Data for the task section start

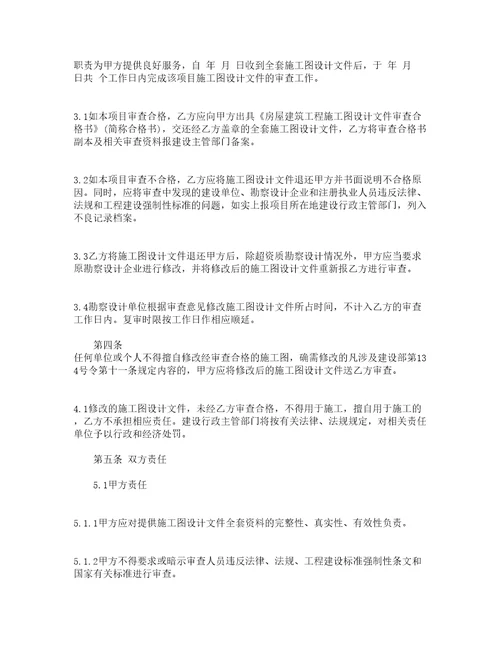 建筑工程咨询合同通用12篇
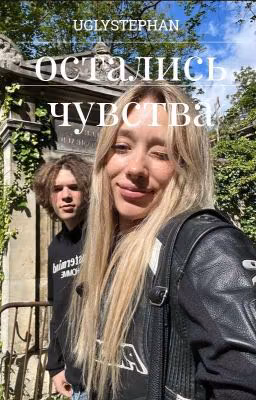 остались чувства || uglystephan 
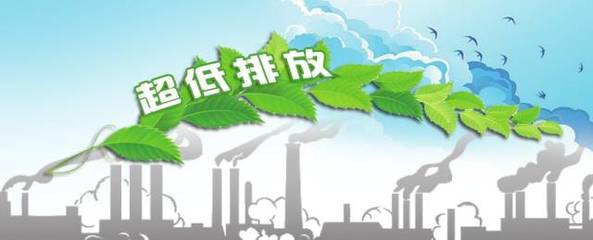 石家莊強化問責機制，以約談促整改，堅決打贏大氣污染防治攻堅戰
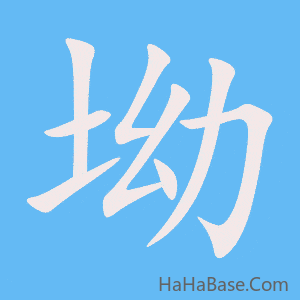 《坳》的筆順動畫寫字動畫演示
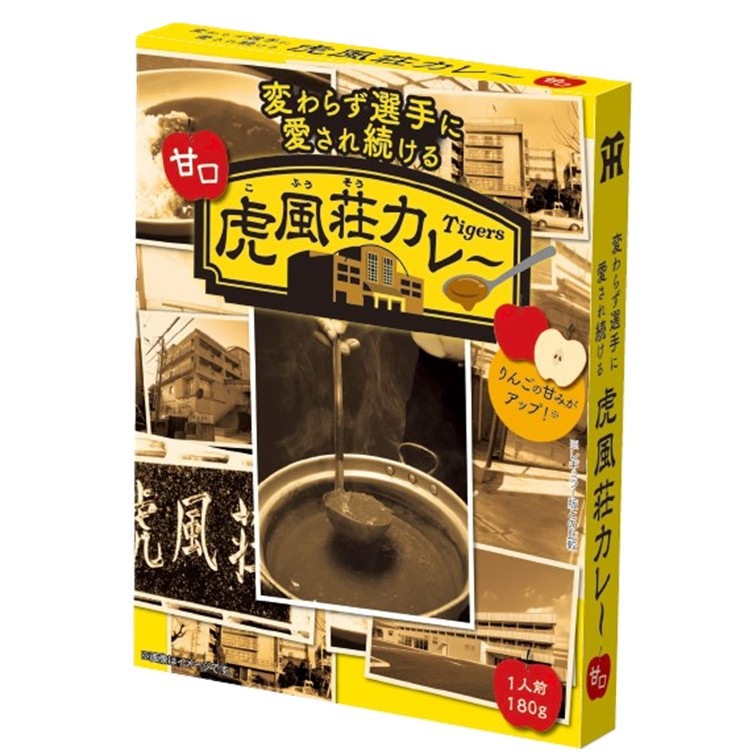 【送料込】変わらず選手に愛され続ける虎風荘カレー3食＆虎風荘カレー（甘口）3食 計6食セット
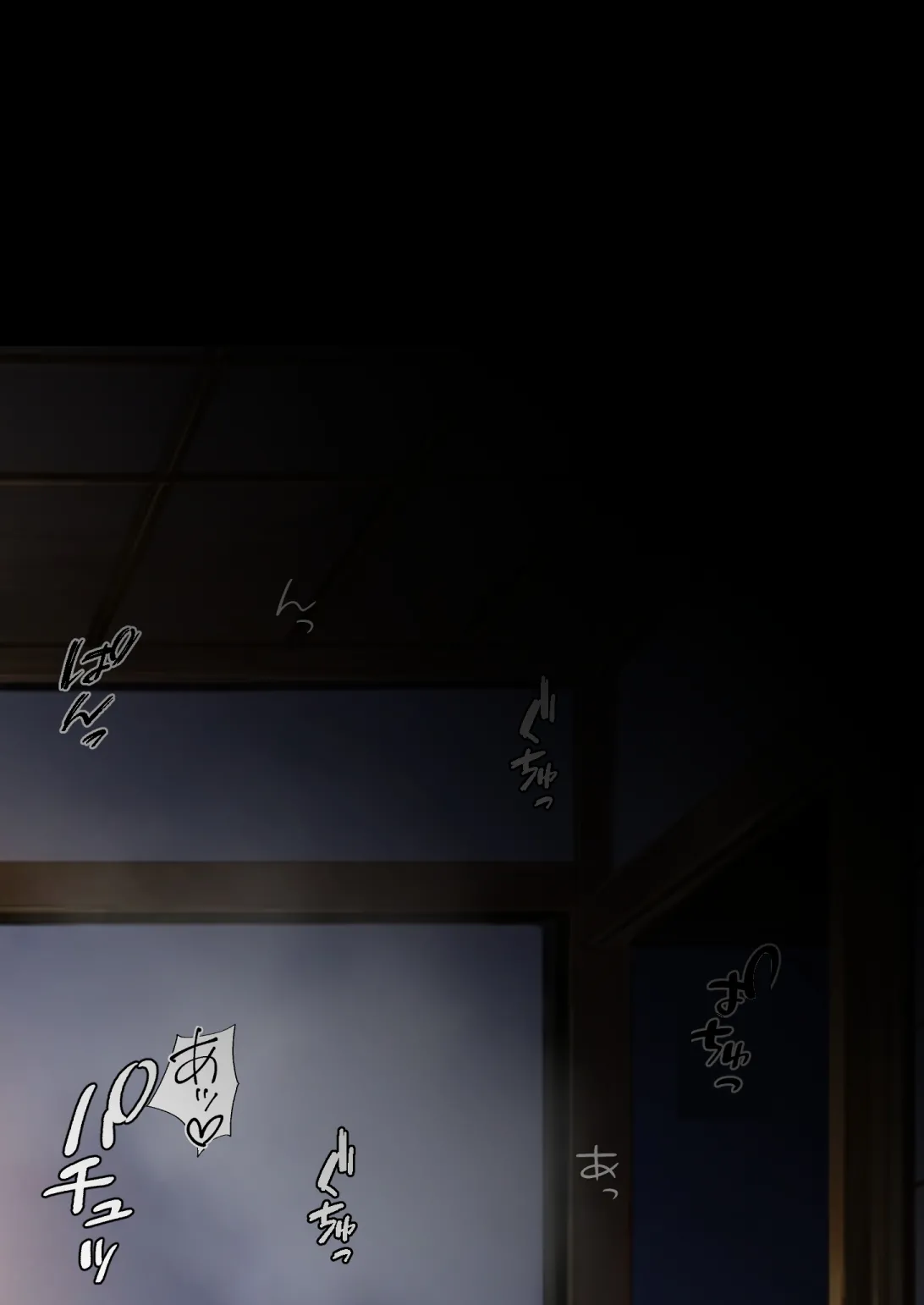Manga Page 127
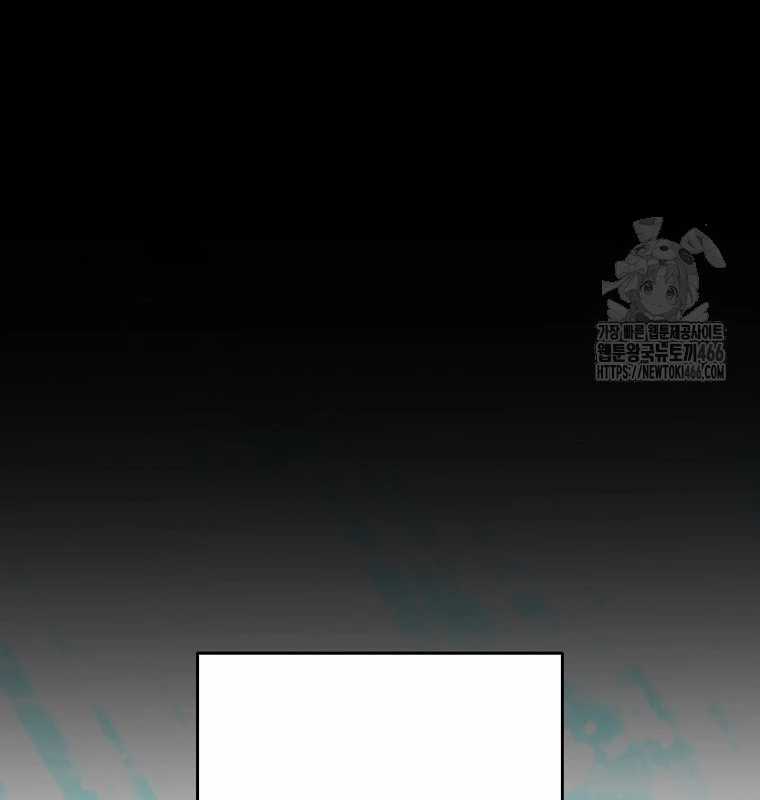 Tái Thiết Hầm Ngục Chapter 228 trang 27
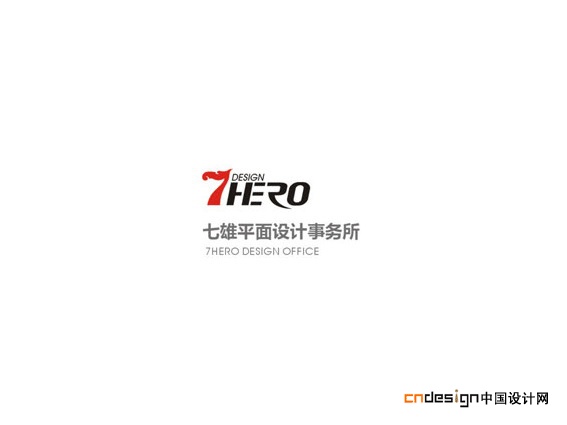 chinese logo design444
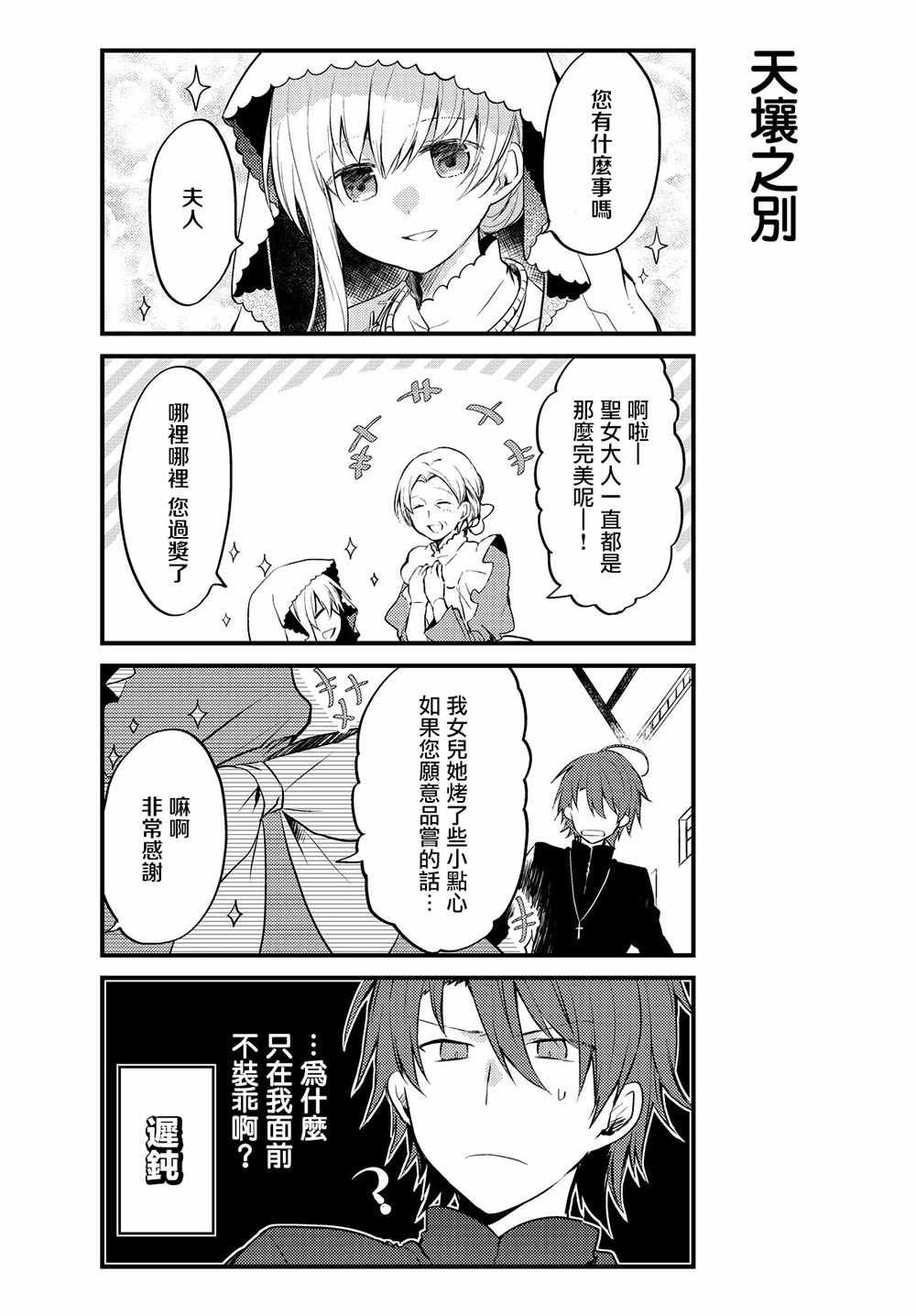 连载版01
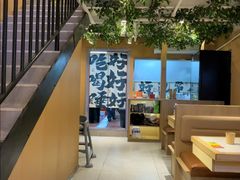 -万达广场(松江店)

Data for the task section end

▶ About this exercise:
Retype the data above exactly; pictures are not part of the copy.

▶ Exercise response:
 建筑工程咨询合同通用12篇
 остались чувства || uglystephan 
 石家莊強化問責機制，以約談促整改，堅決打贏大氣污染防治攻堅戰
 《坳》的筆順動畫寫字動畫演示
 【送料込】変わらず選手に愛され続ける虎風荘カレー3食＆虎風荘カレー（甘口）3食 計6食セット
Manga Page 127
 Tái Thiết Hầm Ngục Chapter 228 trang 27
 chinese logo design444
 连载版01
 -万达广场(松江店)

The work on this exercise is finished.